In this post I wish to discuss the mathematics of doubling in some detail.
Let us assume Hero and Villain are playing a “match-to-three”. That is, first player to win three VP is the overall match winner. Each individual game is worth 1 VP. The actual game being played is irrelevant: it could be Chess, Agricola, Snakes and Ladders, the royal game (with Hero moving the cards and Villain trash-talking at every sub-optimal play), or a well-known poker variant where both players start with three items of clothing. To make things interesting, assume the winning probability of an individual game is slightly less than 50%. To be specific, I will set the win rate to 40%. What are the chances of Hero winning the overall match?

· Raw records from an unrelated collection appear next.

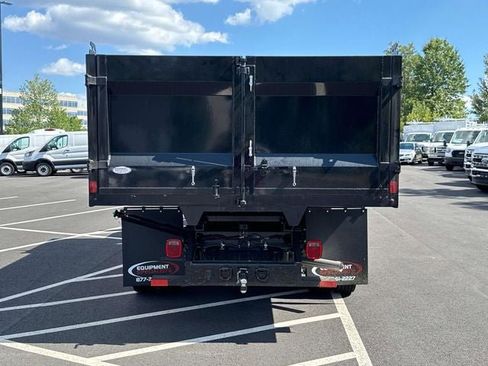 New 2025 Ford F450 XL w/ Snow Plow Prep Package image 3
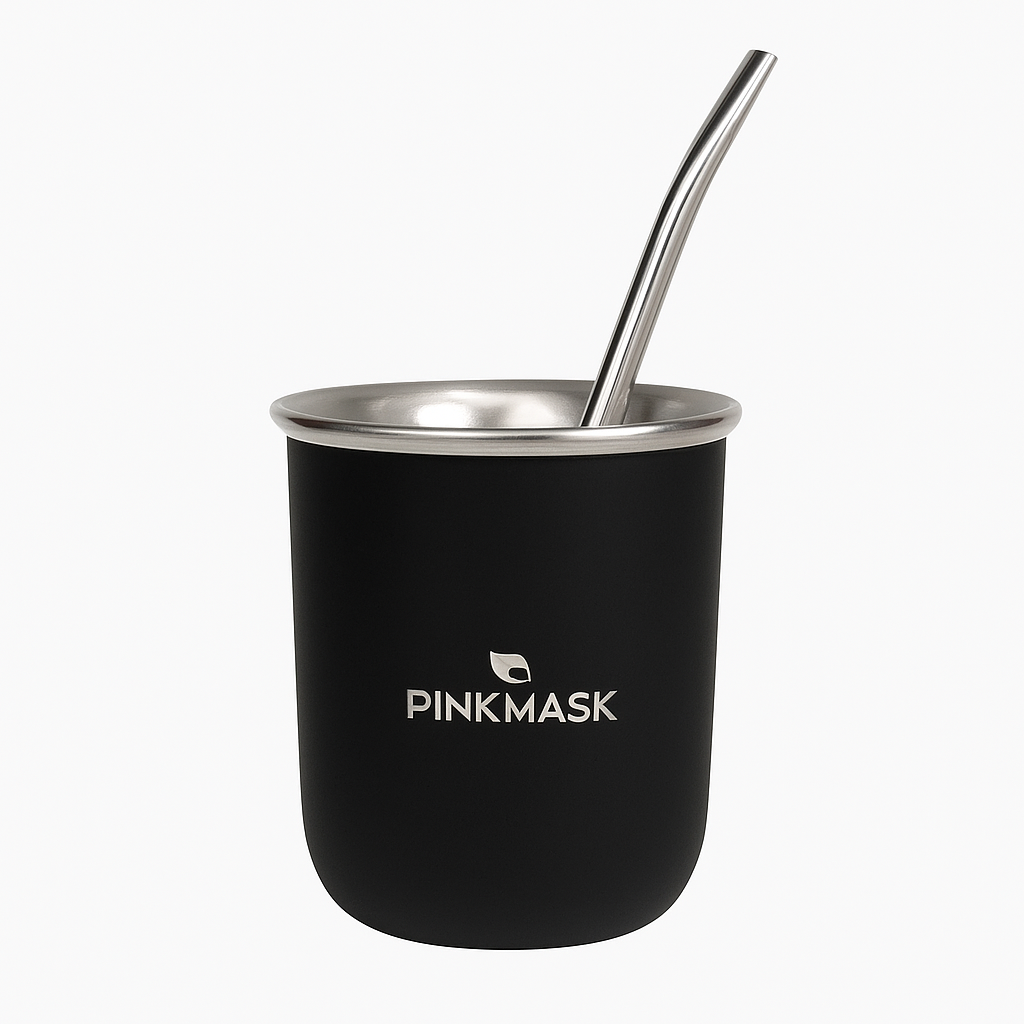 Mate Pink Mask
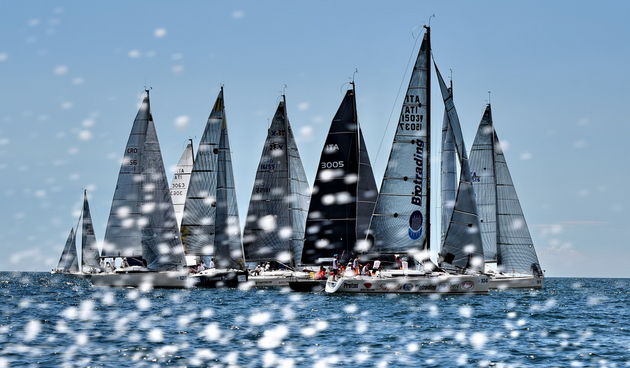 Jedrenje: ORC World Trieste 2017.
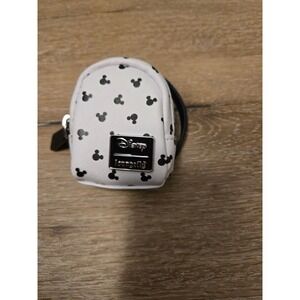 Disney nuiMOs Loungefly Mickey Mouse Doll Mini Backpack Polka Dot Bag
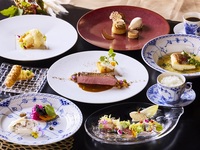 Prelude  Wine Pairing（プレリュード　ワインペアリングコース）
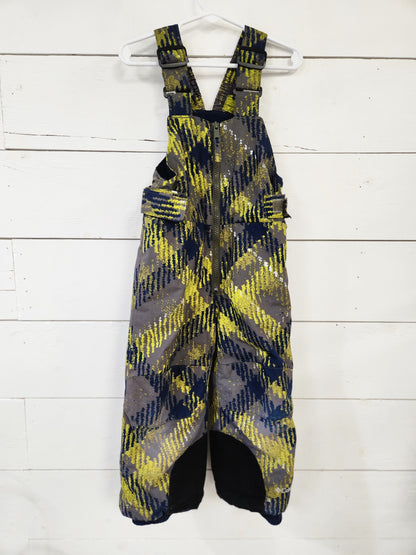 Size 3t | Columbia Bib Snow Pants *mended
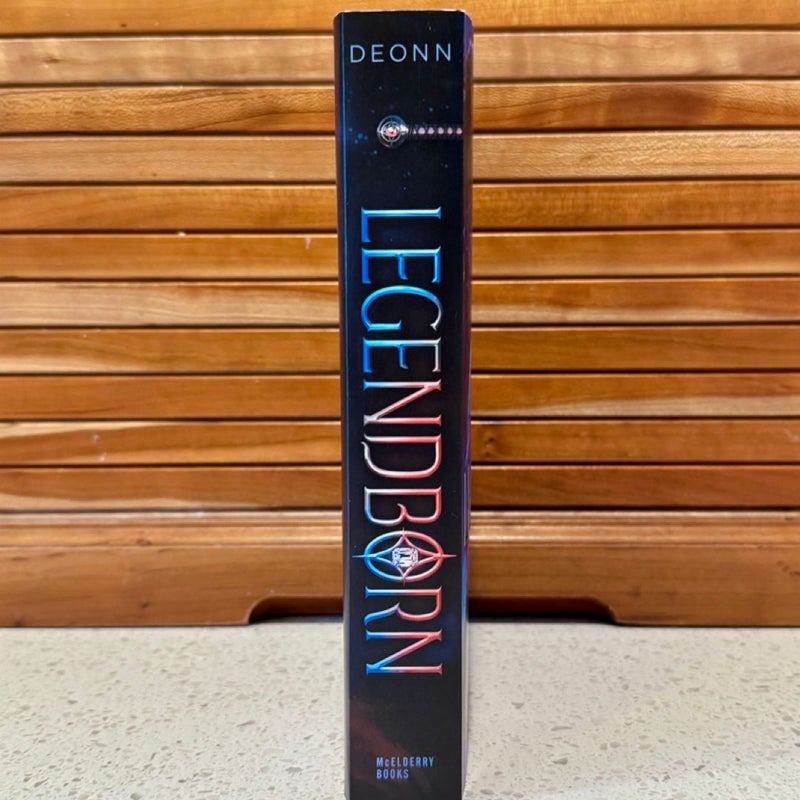 Legendborn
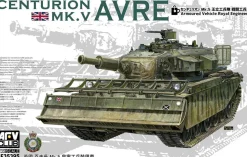 AFV Club 1/35 Centurion Mk.V AVRE British Army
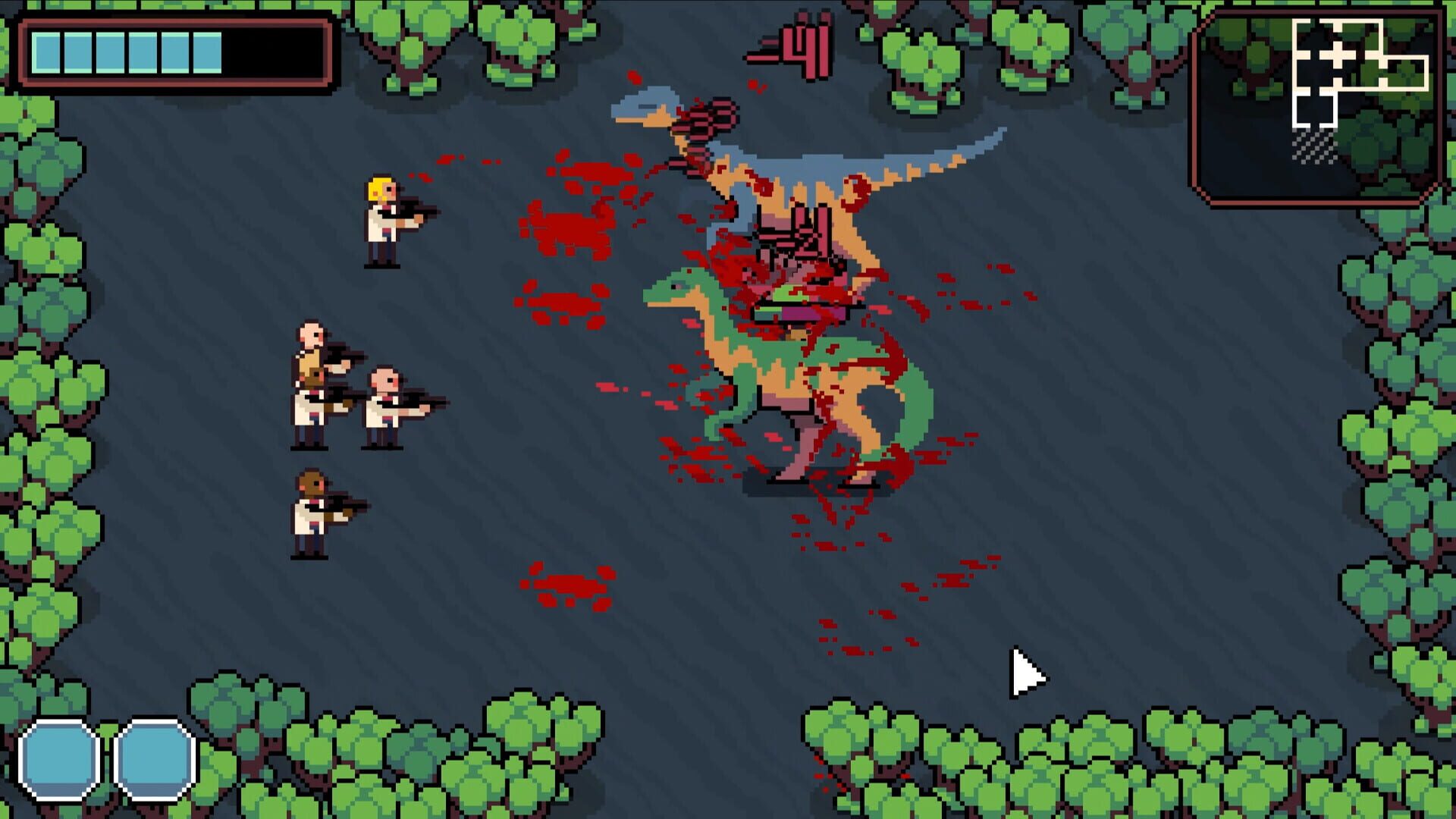 Screenshot for Dino Time Raiders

This kind of question is most easily solved with dynamic programming. The boundary condition says that if someone already has three wins then the overall winning chances is either 0% or 100%. Next, we can compute the winning chances when the score is 2-2. We can then work our way backwards, eventually arriving at 31.7% winning chances for the Hero at 0-0.
You will notice that if the match score is X-X then the Villain prefers smaller numbers of X. Intuitively, smaller values of X means that it is less likely that Hero will find enough “random noise” to overcome Villain’s advantage in the long run. The following diagram summarises the probability of Hero winning the match at every possible match-score:
I should mention that Bart has already done his homework, and he knows how to compute the probabilities corresponding to each match score. If the winning chances of an individual game are 0.25 then he correctly computes the following:
0.049 chance of winning 5-point match, no doubling
0.104 chance of winning 3-point match (equivalent to 5-point match with 2VP per game)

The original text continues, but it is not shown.